Referring to the loan package, he said Hungarians found debt “frightening” and they understood its danger and its “communist legacy”. “And when the communists came back in their modern form as socialists, this very same threat returned in 2002-2010 in the form of foreign currency debt,” he added. The prime minister noted that Hungary could veto the EU. “But this should only be done as a last resort,” he said, adding that there was now a chance to reduce the risk of borrowing by insisting that money should be spent on economic development. No constraints should be imposed on how the money is spent, he said.
The prime minister also touched on German Chancellor Angela Merkel’s recent comments that the German EU presidency would stand up for the principle of the rule of law and would speak out any time it is curtailed “even if we’re talking about Viktor Orbán”. “I would not be this energetic if I were the Germans,” Orbán said in reaction. “If we compare the state of the rule of law in Hungary to how it is in Germany then we might be the ones to come out on top.” He argued that in Hungary it was “inconceivable” for constitutional court judges to be members of political parties, which was a common practice in Germany.

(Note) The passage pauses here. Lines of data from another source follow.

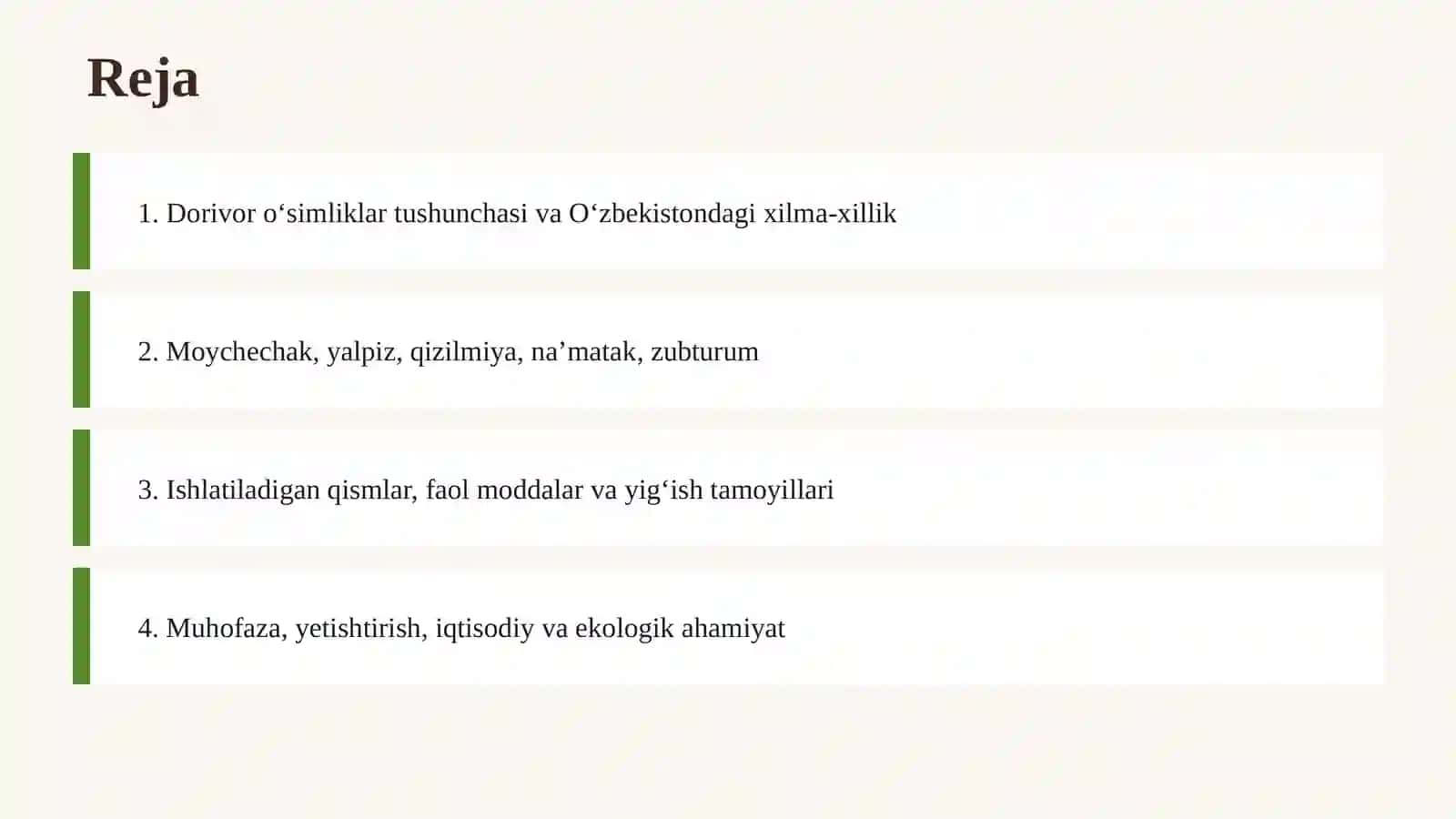 Dorivor o‘simliklar va ularning ahamiyati 2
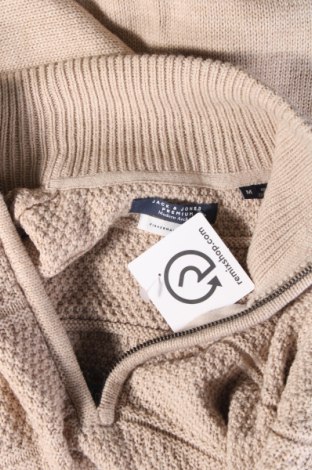 Мъжки пуловер Jack & Jones, Размер M, Цвят Бежов, Цена 9,18 лв.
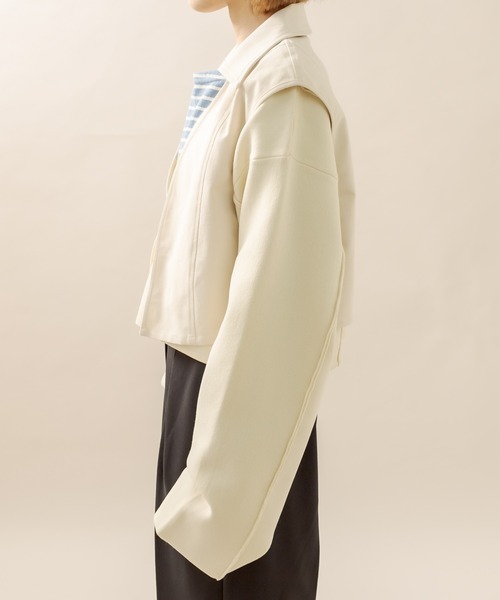 mline（エムライン）の「[mline] ベストカーディガンSET（ニット/セーター・レディース・ブラック/ベージュ/アイボリー・FREE）」の22枚目の写真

As regards the domestic economy, Orbán said Hungary had achieved a breakthrough in terms of the situation on the job market. Some 4.5 million people were employed in the country prior to the epidemic, which fell to 4.37 million at the low point of the crisis, he said. But unemployment has started going down again, the economy has begun adding jobs, “which is not just a short-term phenomenon”, the prime minister said. He added that the government’s response measures had saved more than one million jobs. By supporting business developments, the government has also helped create between 70,000 and 80,000 new jobs and some 90,000 people are employed as part of the fostered work scheme, Orbán said. But, he said, because economic crises tended to have delayed effects that only show up 5-6 months later, the government was preparing for “another test around January”.

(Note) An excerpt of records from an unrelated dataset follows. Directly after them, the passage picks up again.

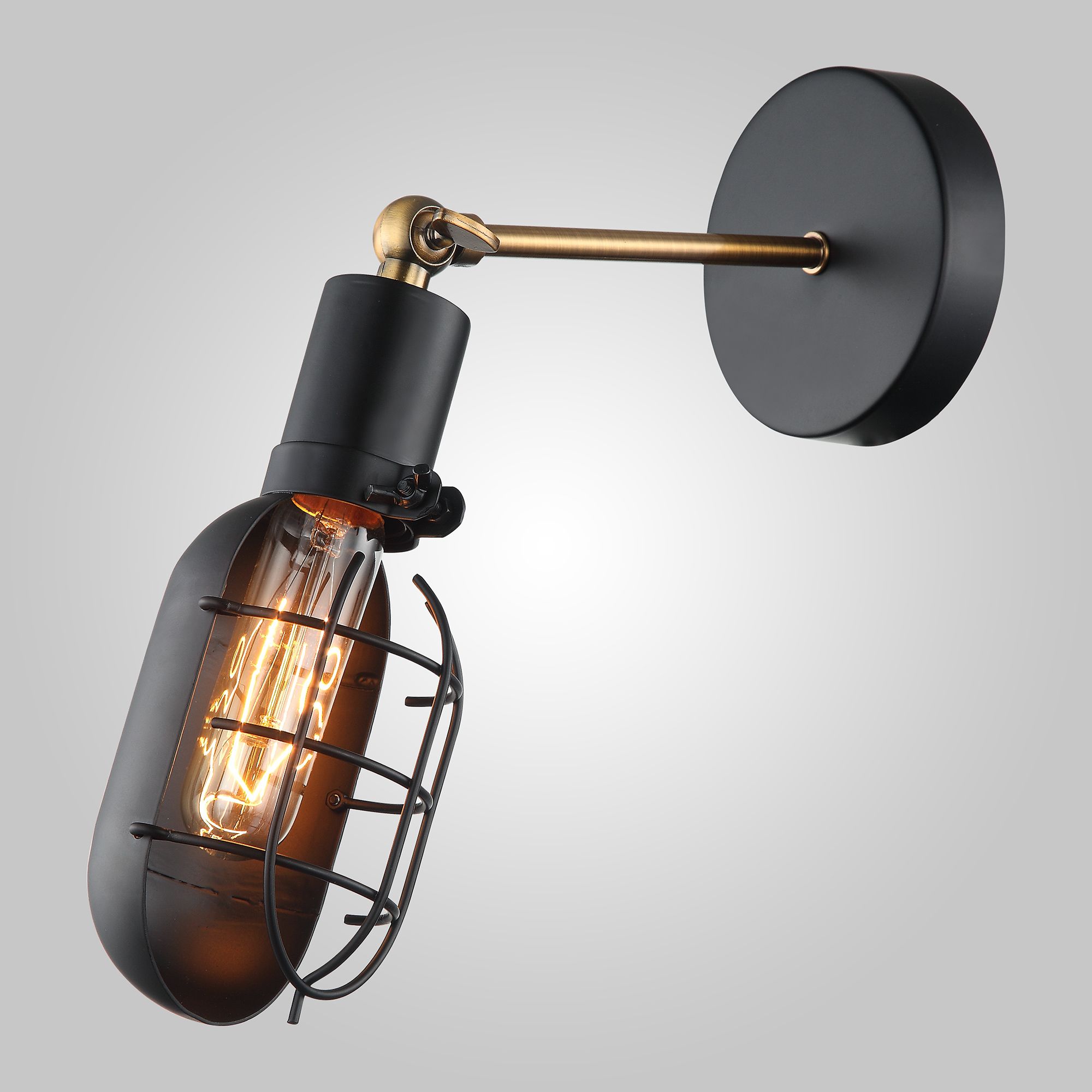 Настенный светильник в стиле лофт Eurosvet Bittle 50057/1 черный. Фото 1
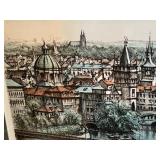 Framed Signed Numbered Cityscape Print
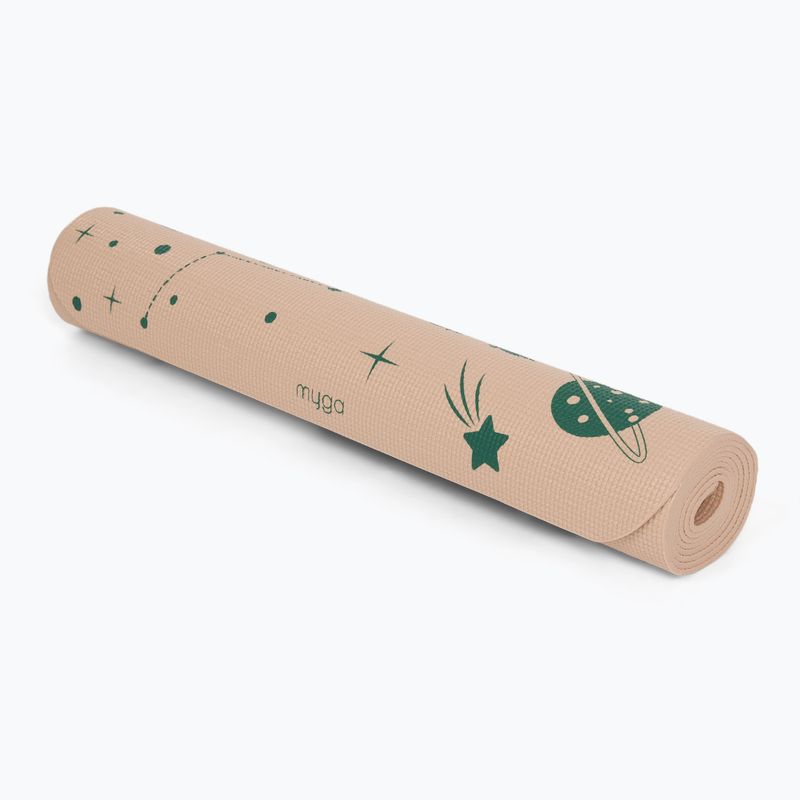 Yogamatte Myga Dino 3 mm beige 6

Concerning a recent court ruling handing a suspended prison sentence to Gábor Kaleta, Hungary’s former ambassador to Peru, for possession of child pornography, Orbán said Hungary needed to enact laws that addressed paedophilia, the exploitation of children, drug use and the dangers or the internet in a way that reassured parents. Drafting, tightening and amending child protection laws will be one of parliament’s most important tasks in the autumn session “because we must protect our children”, he said. He said the “lenient” ruling in the Kaleta case proved that neither the prosecutor’s office nor the courts were under the influence of the government, arguing that if they were “the punishment would have been five times as severe”. “No punishment seems severe enough in a case like this,” Orbán said. He vowed that the court ruling would not be the end of the case, saying he did not want the country to feel as if its government were trying to explain why it was idle in a situation that demanded moral action.